What's worse, the IRS did this on three different occasions three different years in a row despite the fact that Pete had officially notified them to flag his return. He'd even filled out all the official paperwork to notify the IRS that his identity had been stolen.
Experts who used to work for the IRS said the stories of Pete and Marija do not surprise them.
"Part of it is a resource issue. Part of it is a funding issue," said former IRS special criminal investigative agent Jose Marrero. "Part of it is that there are agencies that are at odds with each other."
Marrero served as a special criminal investigator with the IRS for 28-years before retiring in May, 2004.
Marrero told the CBS4 I-Team that he estimates the lost taxpayer dollars could add up to $2 billion a year or more. Marrero makes that estimate based on internal IRS documents, audits and criminal investigations he's seen firsthand as a special investigative agent and because he helped prepare and write some of those reports. And he says that $2 Billion is a conservative estimate.
"I will tell you that if everybody paid their fair share and there wasn't any fraud I would almost guarantee you that we wouldn't have a deficit," said Marrero. "That's how big the problem is."
The IRS did not respond to requests from CBS4's I-Team for a full accounting of how much tax refund fraud exists.
The agency that audits and monitors the IRS, the Treasury Inspector General for Tax Administration has not added up a total for the amount of tax refund fraud that the IRS suffers each year.
Jose Marrero now co-owns MRW consulting, a forensic accounting firm in Fort Lauderdale, with his partners Luis Rivera and Ron Wise. All three men are retired IRS special criminal investigative agents with a combined 90-years experience.

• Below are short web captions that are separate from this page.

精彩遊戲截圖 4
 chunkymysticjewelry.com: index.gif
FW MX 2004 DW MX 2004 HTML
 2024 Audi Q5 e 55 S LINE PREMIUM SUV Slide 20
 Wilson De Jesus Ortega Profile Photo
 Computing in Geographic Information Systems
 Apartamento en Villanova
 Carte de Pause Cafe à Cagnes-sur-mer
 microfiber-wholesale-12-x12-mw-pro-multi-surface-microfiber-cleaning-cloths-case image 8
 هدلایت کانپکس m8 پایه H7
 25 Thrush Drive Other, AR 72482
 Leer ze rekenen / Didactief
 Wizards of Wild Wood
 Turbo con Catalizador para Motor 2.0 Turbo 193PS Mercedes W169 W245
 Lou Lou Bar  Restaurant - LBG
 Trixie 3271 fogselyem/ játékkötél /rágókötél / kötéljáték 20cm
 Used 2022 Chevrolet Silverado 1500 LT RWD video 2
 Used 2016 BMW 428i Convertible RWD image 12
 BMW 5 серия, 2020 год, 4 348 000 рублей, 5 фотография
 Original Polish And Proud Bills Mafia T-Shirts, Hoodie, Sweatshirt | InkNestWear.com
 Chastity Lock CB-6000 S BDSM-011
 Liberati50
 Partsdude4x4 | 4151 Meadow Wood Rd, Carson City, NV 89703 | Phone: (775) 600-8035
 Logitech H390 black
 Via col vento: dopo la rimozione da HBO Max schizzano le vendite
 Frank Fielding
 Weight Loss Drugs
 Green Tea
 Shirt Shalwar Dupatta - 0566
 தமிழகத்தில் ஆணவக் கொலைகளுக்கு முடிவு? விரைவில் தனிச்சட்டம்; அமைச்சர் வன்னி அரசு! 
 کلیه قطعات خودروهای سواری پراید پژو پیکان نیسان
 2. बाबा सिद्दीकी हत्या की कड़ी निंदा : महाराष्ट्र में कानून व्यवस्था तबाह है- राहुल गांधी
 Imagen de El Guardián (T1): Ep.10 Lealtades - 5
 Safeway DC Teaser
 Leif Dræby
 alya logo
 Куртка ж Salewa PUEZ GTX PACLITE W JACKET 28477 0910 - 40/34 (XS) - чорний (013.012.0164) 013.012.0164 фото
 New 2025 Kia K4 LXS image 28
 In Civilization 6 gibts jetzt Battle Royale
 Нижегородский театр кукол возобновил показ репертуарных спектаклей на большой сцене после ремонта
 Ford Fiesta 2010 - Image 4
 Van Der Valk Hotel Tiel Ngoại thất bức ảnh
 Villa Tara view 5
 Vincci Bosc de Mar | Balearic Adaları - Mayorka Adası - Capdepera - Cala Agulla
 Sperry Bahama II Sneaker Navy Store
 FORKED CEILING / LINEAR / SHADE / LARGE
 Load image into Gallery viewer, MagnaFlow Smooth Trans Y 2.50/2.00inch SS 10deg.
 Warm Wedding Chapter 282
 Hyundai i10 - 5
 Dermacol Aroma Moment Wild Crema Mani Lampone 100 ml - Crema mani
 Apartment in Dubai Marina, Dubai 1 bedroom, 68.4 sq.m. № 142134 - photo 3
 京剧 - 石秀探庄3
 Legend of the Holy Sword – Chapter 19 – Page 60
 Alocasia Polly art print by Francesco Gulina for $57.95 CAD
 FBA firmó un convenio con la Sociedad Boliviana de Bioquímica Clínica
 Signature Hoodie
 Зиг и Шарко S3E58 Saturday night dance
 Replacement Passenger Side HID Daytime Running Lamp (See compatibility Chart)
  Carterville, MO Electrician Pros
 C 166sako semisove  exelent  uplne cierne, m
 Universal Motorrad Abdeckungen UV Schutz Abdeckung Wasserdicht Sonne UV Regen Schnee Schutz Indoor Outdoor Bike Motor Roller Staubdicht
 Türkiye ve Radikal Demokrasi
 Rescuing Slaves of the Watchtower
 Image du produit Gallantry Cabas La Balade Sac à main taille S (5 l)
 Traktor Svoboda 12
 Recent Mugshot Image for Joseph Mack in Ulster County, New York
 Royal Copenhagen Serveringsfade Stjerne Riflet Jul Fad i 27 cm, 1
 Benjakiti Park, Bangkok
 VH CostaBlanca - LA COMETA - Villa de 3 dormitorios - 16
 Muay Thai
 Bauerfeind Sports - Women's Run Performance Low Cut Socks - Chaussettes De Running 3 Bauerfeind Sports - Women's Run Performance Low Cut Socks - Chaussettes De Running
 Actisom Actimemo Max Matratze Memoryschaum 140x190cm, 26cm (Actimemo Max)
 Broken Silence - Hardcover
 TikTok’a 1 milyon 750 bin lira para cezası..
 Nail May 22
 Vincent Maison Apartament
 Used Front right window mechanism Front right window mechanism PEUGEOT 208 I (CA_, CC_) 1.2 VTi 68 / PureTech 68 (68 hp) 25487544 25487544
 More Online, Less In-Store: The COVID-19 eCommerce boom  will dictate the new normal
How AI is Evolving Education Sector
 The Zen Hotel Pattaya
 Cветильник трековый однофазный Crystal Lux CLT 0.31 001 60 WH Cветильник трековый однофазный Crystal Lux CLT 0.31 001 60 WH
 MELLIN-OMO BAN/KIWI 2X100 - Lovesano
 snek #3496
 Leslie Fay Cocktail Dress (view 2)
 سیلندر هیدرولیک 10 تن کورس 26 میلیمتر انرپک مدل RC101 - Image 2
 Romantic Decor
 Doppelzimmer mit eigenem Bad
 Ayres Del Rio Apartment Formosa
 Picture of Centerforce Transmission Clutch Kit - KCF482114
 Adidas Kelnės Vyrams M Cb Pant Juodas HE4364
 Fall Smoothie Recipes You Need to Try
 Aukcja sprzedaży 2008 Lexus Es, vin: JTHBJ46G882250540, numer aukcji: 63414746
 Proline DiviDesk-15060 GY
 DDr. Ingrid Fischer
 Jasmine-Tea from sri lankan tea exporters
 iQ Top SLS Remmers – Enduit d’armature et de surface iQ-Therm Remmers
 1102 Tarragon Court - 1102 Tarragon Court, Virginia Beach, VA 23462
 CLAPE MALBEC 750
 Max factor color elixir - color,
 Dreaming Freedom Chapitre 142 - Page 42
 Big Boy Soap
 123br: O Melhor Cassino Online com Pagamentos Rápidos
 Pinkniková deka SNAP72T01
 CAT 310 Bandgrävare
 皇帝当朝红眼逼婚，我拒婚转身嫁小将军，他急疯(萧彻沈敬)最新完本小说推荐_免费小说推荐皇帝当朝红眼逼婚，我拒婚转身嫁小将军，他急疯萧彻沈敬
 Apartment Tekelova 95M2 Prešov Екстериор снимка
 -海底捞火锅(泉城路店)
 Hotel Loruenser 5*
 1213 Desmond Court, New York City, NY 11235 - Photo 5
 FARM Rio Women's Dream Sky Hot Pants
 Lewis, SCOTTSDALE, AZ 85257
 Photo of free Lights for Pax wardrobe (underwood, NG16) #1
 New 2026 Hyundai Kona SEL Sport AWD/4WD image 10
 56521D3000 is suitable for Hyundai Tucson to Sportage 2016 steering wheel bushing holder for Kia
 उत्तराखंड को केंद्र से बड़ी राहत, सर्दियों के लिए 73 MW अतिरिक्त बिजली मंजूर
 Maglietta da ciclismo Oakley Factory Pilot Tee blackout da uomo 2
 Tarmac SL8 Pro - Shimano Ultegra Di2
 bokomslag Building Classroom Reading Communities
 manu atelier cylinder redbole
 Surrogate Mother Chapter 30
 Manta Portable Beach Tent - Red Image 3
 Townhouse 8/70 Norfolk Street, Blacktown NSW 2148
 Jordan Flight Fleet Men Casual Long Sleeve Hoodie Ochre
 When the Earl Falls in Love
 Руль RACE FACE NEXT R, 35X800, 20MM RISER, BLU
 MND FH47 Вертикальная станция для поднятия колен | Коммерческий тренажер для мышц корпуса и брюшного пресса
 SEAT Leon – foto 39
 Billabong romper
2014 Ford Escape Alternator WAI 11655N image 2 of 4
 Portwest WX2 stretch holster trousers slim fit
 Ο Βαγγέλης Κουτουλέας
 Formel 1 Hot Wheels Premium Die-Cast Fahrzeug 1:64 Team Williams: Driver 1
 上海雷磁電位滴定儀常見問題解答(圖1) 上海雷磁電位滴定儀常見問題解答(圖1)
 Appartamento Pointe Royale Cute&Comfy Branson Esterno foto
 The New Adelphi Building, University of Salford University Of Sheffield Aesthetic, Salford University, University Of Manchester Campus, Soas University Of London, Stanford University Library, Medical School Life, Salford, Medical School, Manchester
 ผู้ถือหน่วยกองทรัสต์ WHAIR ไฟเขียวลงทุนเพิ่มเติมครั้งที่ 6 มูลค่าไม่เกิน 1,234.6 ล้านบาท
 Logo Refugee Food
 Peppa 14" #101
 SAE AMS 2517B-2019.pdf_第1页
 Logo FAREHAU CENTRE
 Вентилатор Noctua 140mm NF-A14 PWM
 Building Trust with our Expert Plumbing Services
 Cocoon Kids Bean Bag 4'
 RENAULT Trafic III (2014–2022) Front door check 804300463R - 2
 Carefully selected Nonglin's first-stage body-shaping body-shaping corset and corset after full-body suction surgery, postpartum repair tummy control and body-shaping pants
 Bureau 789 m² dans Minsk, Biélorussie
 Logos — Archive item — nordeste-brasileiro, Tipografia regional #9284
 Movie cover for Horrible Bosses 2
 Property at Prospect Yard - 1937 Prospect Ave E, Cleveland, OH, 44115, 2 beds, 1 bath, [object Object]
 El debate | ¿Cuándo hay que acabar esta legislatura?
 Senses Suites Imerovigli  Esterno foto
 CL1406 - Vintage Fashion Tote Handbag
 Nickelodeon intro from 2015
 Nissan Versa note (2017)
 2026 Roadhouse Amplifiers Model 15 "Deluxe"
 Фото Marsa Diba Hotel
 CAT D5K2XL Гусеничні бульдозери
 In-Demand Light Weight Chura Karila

Wise, who retired in March 2006 after 33 years with the IRS, led the Atlanta field office for a time. He was Chief of Criminal Investigations and manager of the fraud unit in Atlanta's IRS office before his career took him to Washington, D.C.
"I'm not at all surprised," said Wise. "There are many, many thousands of people involved with processing tax returns. Anytime you deal with that number of individuals the likelihood of human error increases greatly."
The CBS4 I-Team spent the last six months digging through tax records, audit reports and discovered one report to Congress that stated that $142,599,342 in fraudulent activities had been recovered in only one six month period of time (April 1, 2010 through September 30, 2010). But one estimate shows that amount is likely only one tenth of the actual fraud for one six month period.
The MRW Consulting partners say that many IRS officials whom they worked with in Washington, D.C. simply treat refund fraud as the cost of doing business at the IRS.
"This is not the cost of doing business," said Florida's senior US Senator Bill Nelson. "This is fraud and it ought to be dealt with immediately and severely."
To that end, Senator Nelson, along with New York Senator Chuck Schumer, are trying to reform IRS rules in an effort to slow down, if not stop this fraud.
Senator Nelson said the story of the Miami businessman named "Pete" who the I-Team uncovered serves as a perfect example of how broken the IRS system is when it comes to catching tax refund fraud.
"If our constituent in South Florida gets a $250,000 refund check that's not real then you can see the potential not only hundreds of millions but billions of dollars that could be involved across the country," said Nelson.
Marija Weinman believes her government wronged her twice: first, by holding up her legitimate refund; secondly, by seeming to allow this massive fraud to continue.
"It's not fair at all," said Weinman. "I don't know how, but someone needs to go into IRS and revamp."
I-Team investigator Stephen Stock asked Weinman, "Fix it?"
"Fix it," said Weinman.
We discovered during the course of this investigation that while the IRS acknowledged the fraud, and that it is bad, no one actually knows exactly how bad it is.
Despite its technology, despite its know how, the IRS simply does not even attempt to accurately track how much money refund fraud thieves steal from taxpayers.